The safety and scientific validity of this study is the responsibility of the study sponsor and investigators. Listing a study does not mean it has been evaluated by the U.S. Federal Government. Read our disclaimer for details. Identifier: NCT00419770
Recruitment Status : Completed
First Posted : January 9, 2007
Results First Posted : October 6, 2011
Last Update Posted : October 6, 2011
Gilead Sciences
Astellas Pharma Inc
Information provided by (Responsible Party):
Lundquist Institute for Biomedical Innovation at Harbor-UCLA Medical Center

Brief Summary:
The purpose of this study is to determine if the addition of the medication, deferasirox, to standard antifungal therapy for the infection, mucormycosis, is safe and effective

Condition or disease Intervention/treatment Phase
Mucormycosis Drug: deferasirox Drug: Placebo Drug: Liposomal amphotericin B Phase 2

Detailed Description:

Because of its extremely high morbidity and mortality, it is imperative to look for new antifungal therapies to treat mucormycosis. The agents of mucormycosis are exquisitely sensitive to iron availability, and we and others have demonstrated that iron chelation therapy improves the survival of rodents with mucormycosis. Deferasirox (Exjade) is the first orally bioavailable iron chelator approved for use in the United States (US) by the Food and Drug Administration (FDA), with an indication for treatment of iron overload from chronic transfusions.

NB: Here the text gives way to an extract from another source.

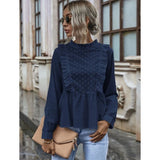 Shein - Eyelet Embroidery Ruffle Hem Babydoll Blouse-Navy Blue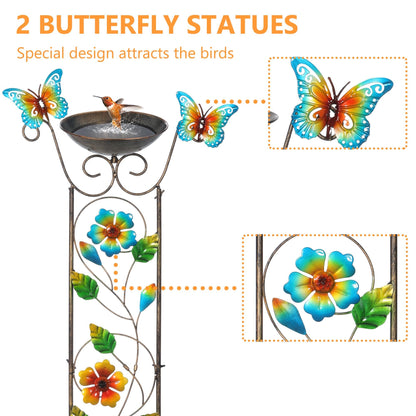 Garden Trellis Bird Bath Outdoor, 43.5 Inch Antique Iron Garden Plant Trellis Decorative with Floral-Butterflies and Detachable Drinking Basin Bowl, Free Standing BirdBath Birdfeeder Station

In clinical studies, deferasirox has been well tolerated and effective in iron-overloaded patients.

Although the safety and efficacy of deferasirox have been extensively evaluated in iron-overloaded patients, there are minimal data in non-iron-overloaded patients or in infected patients. Therefore, the safety and efficacy of deferasirox in patients with mucormycosis is unclear, and confirming safety in the current study, at the currently planned dose, is required to lay the groundwork for a future phase III clinical trial.

This is a prospective, phase II, randomized, double-blinded, placebo-controlled study of liposomal amphotericin B (LAmB; AmBisome) plus deferasirox vs. LAmB plus placebo for mucormycosis infection. Twenty patients with proven or probable mucormycosis (except for isolated skin infection) by consensus EORTC/MSG criteria, who have received less than 14 days of antifungal therapy for mucormycosis, and who have had radiographic imaging by CT or MRI within the past 72 hours that shows evidence of infection, will be randomized to receive LAmB plus deferasirox or placebo (n = 10 per arm), with randomization stratified by study site.

The primary objective is to determine the safety and tolerability of adjunctive deferasirox therapy in patients being treated with LAmB for mucormycosis, and to obtain exploratory data on the efficacy of the iron chelation treatment. The exploratory efficacy endpoint will be the global response rate (composite of clinical and radiographic response) at end of study drug administration, as determined by a blinded adjudication committee.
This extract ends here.